(Short text fragments from websites)
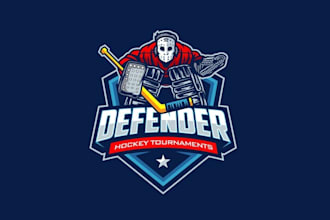 design build brand hockey tournament company logo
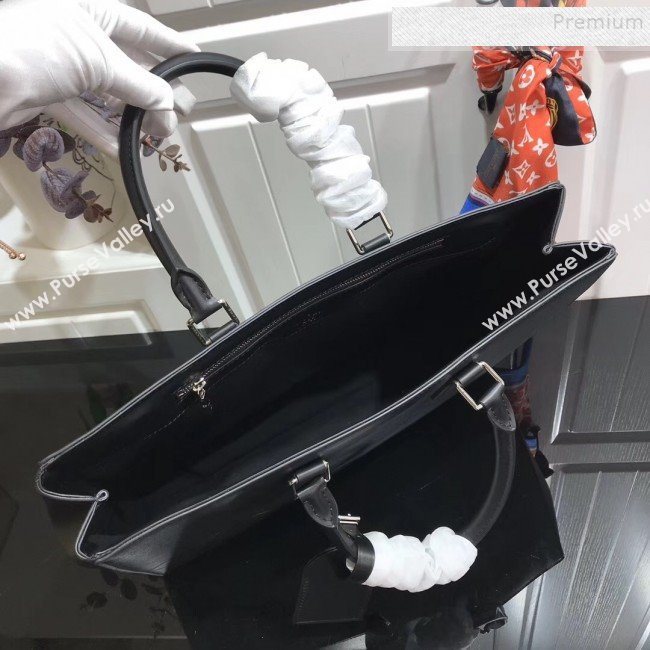 Louis Vuitton Mens Grand Sac Epi Leather Tote M55185 Black 2019 (HAIT-9101428)
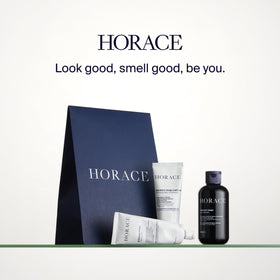 HORACE with blue everlasting flower ingredient emphasizing soothing properties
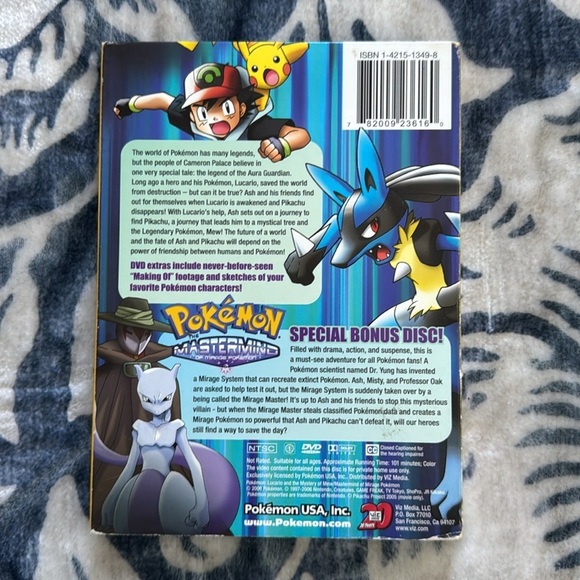 Pokémon Lucario and the Mystery of Mew DVD - Picture 2 of 5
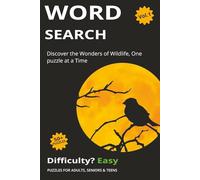 Word Search Puzzle Book: Fun & Educational Animal Word Search Puzzle Book for Kids, Adults & Seniors. Learn Animal Names While Boosting Vocabulary, ... Gift for Vacations, Holidays and Free Time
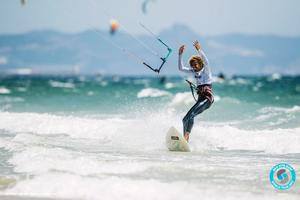 Day 3 – Matchu Lopes, stoked to make another final and a re-match with Airton tomorrow – GKA Kitesurf World Tour Tarifa photo copyright  Ydwer van der Heide taken at  and featuring the  class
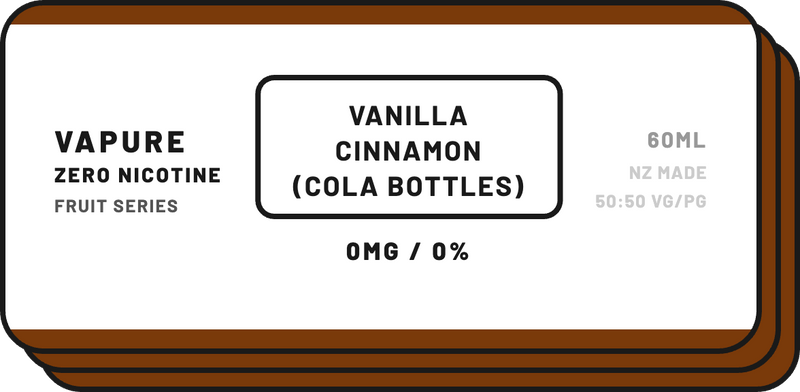 VAPURE Zero Nicotine -Fruit Series 60mL | 0mg Vape Juice - NZ Vapez 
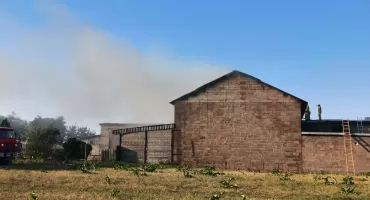 Pożar w Kolonii Lipnik. Stodoła stanęła w ogniu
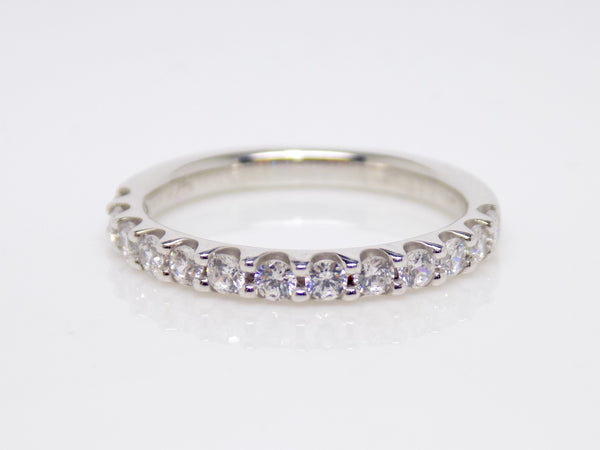 Round Brilliant Claw Set Diamonds Wedding/Eternity Ring 0.50ct SKU 4501397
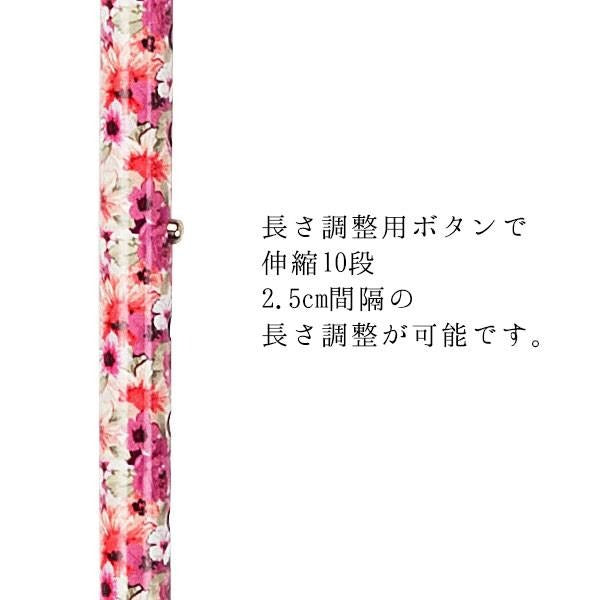 伸縮10段階ステッキ アジャスタブルケイン 杖 身長目安:約130～175cm AAC-300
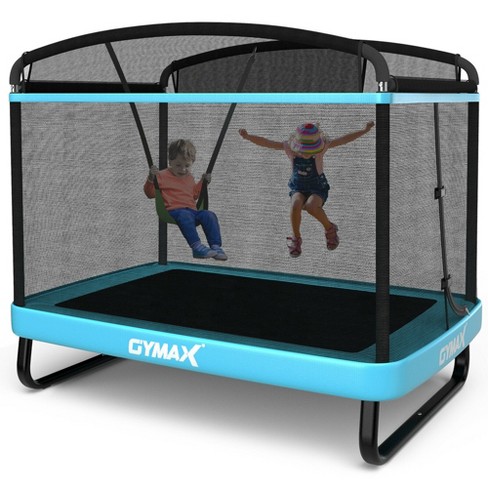 Costway 6ft Kids Recreational Trampoline W swing Safety Enclosure Indoor outdoor Target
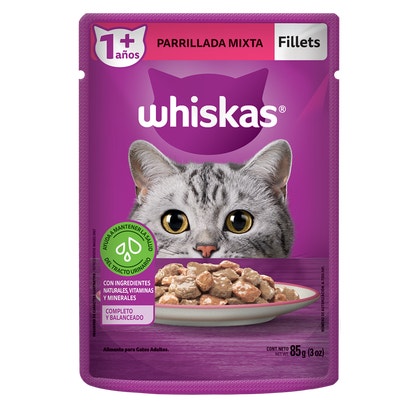 Whiskas® Alimento Húmedo para Gatos Parrillada Mixta 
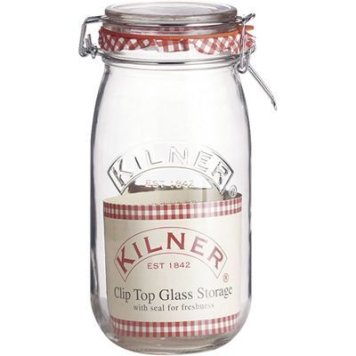 KILNER(キルナー) ラウンド クリップトップジャー(1.5L) AKL3905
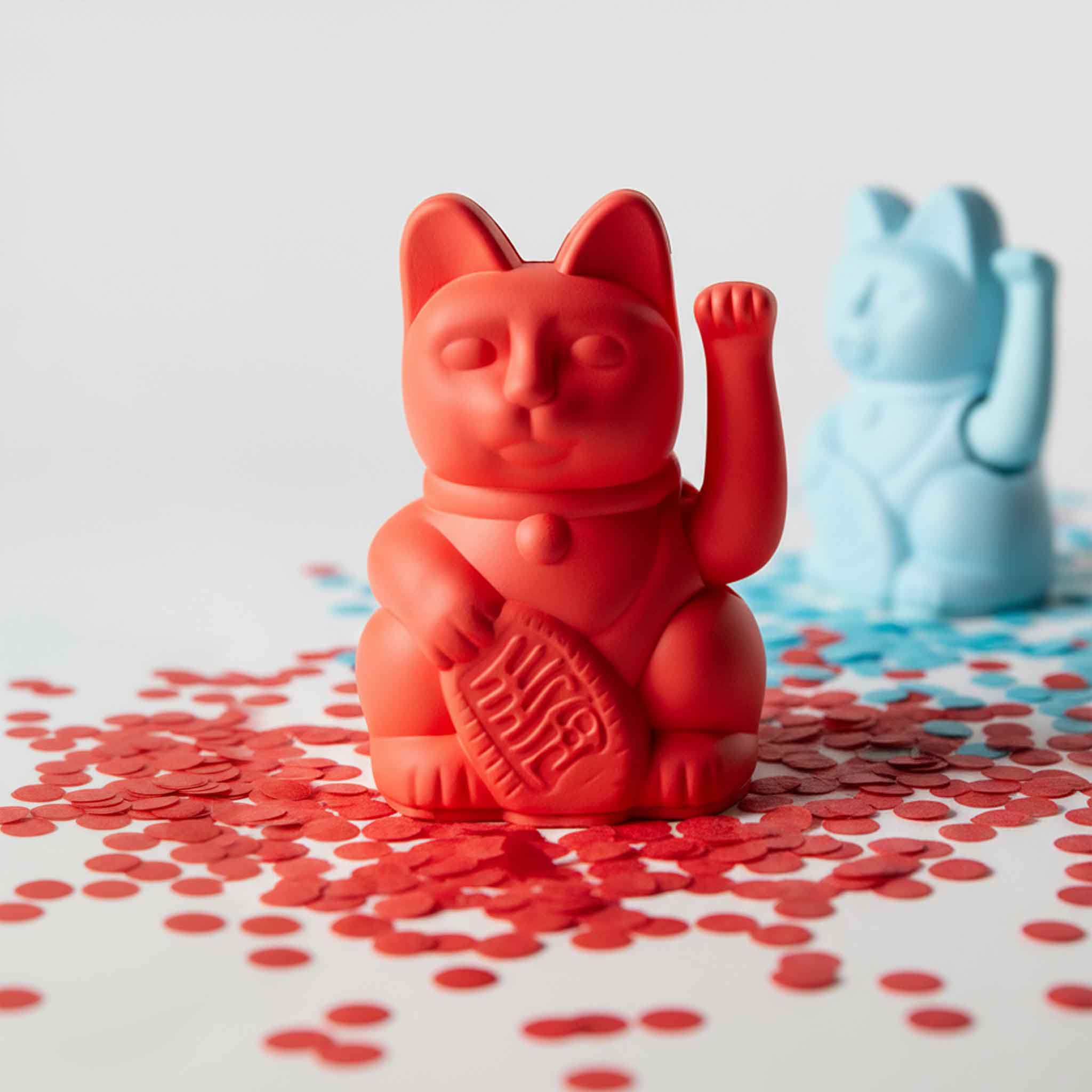 Winkekatze Mini Neon Orange "Toki"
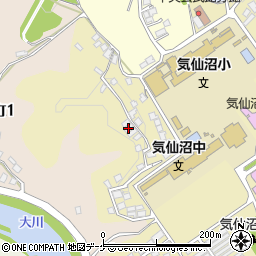 宮城県気仙沼市笹が陣2-122周辺の地図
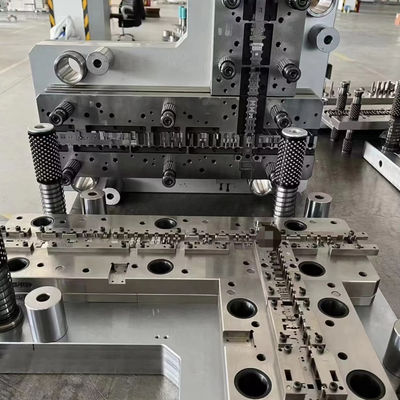 Metal Terminal Crimping Mold with Punching SPM 200 and Save Material 10% for High Speed Press Machine
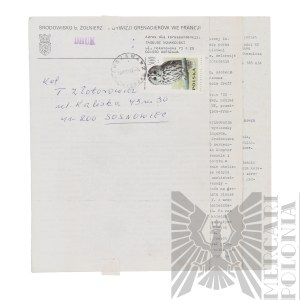[ZŁOTOROWICZ] PRL/III Republic Veteran's Documents Set of the 1st Grenadier Division Tadeusz Zlotorowicz - Knight Virtuti Militari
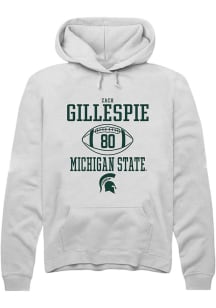 Zachary Gillespie  Rally Michigan State Spartans Mens White NIL Sport Icon Long Sleeve Hoodie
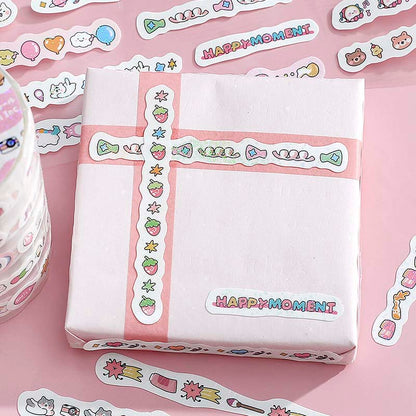 Stickers en Rollo Mini Linea Rose Pink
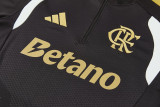 2026-27 Flamengo Brown Half Pull Tracksuit (半拉链)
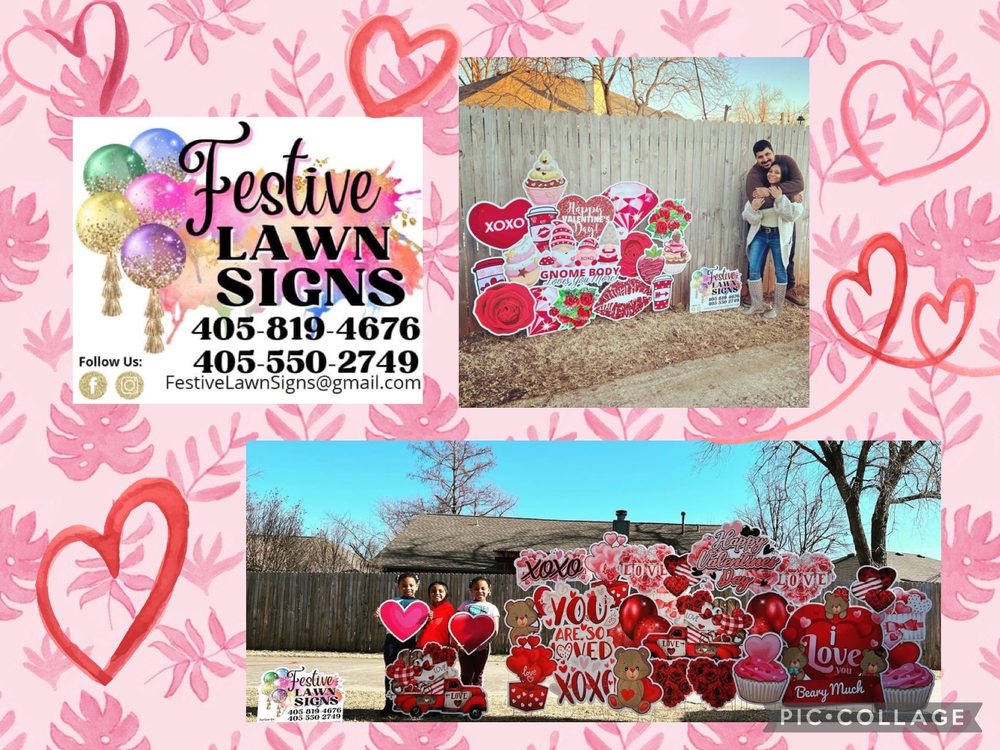 Photo of Festive Lawn Signs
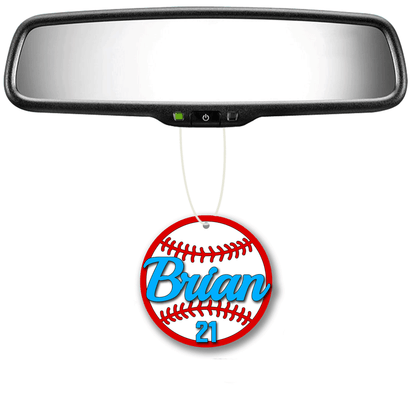 Customizable Baseball Air Freshener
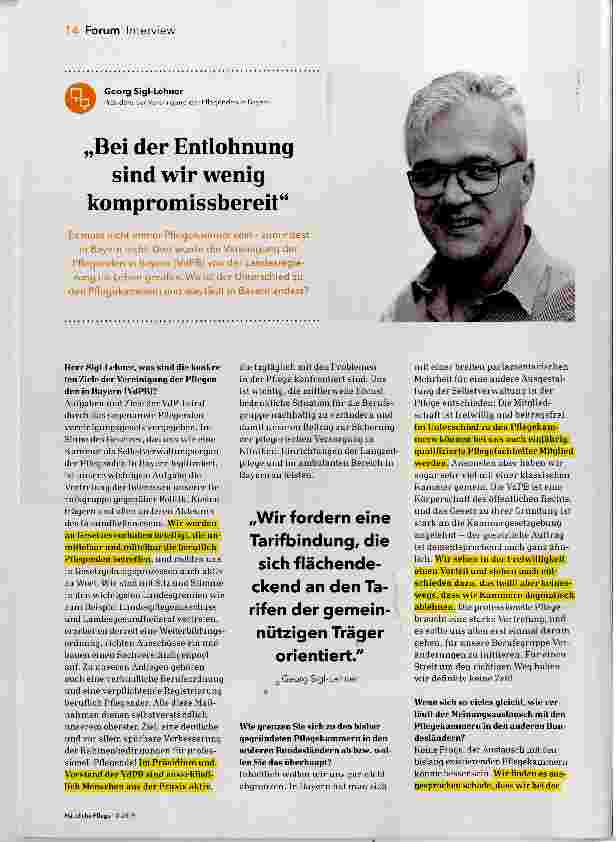 Vorschauseite 1: Bei der Entlohnung sind wir wenig kompromissbereit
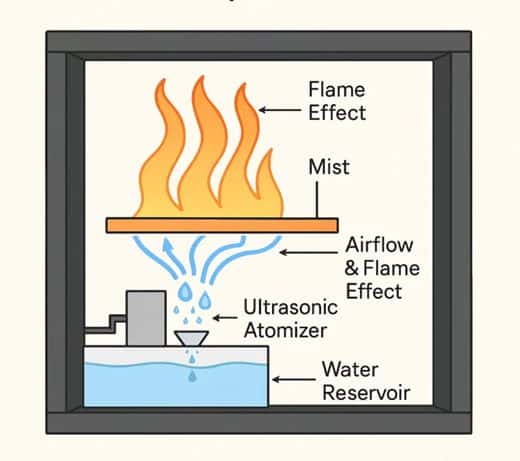 How vapor flames work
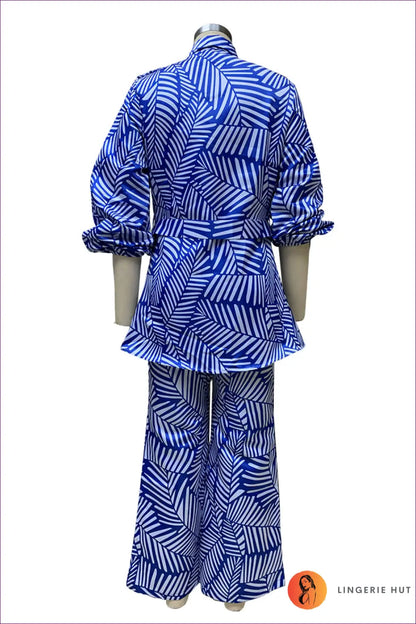 Redefine Casual Elegance With Our Chic Printed Cardigan & Trousers Set. Make a Statement Vibrant Prints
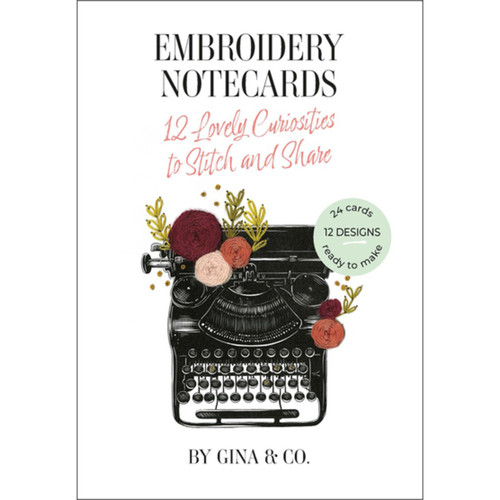 CARD DECK EMBROID NOTECARD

What the task requires
Your task is to repeat the opening line of the entries above and each line after it, ending with the line that has "Pokémon Lucario and". Do not include the pictures.

Reply
 design build brand hockey tournament company logo
 Louis Vuitton Mens Grand Sac Epi Leather Tote M55185 Black 2019 (HAIT-9101428)
 HORACE with blue everlasting flower ingredient emphasizing soothing properties
 Pokémon Lucario and the Mystery of Mew DVD - Picture 2 of 5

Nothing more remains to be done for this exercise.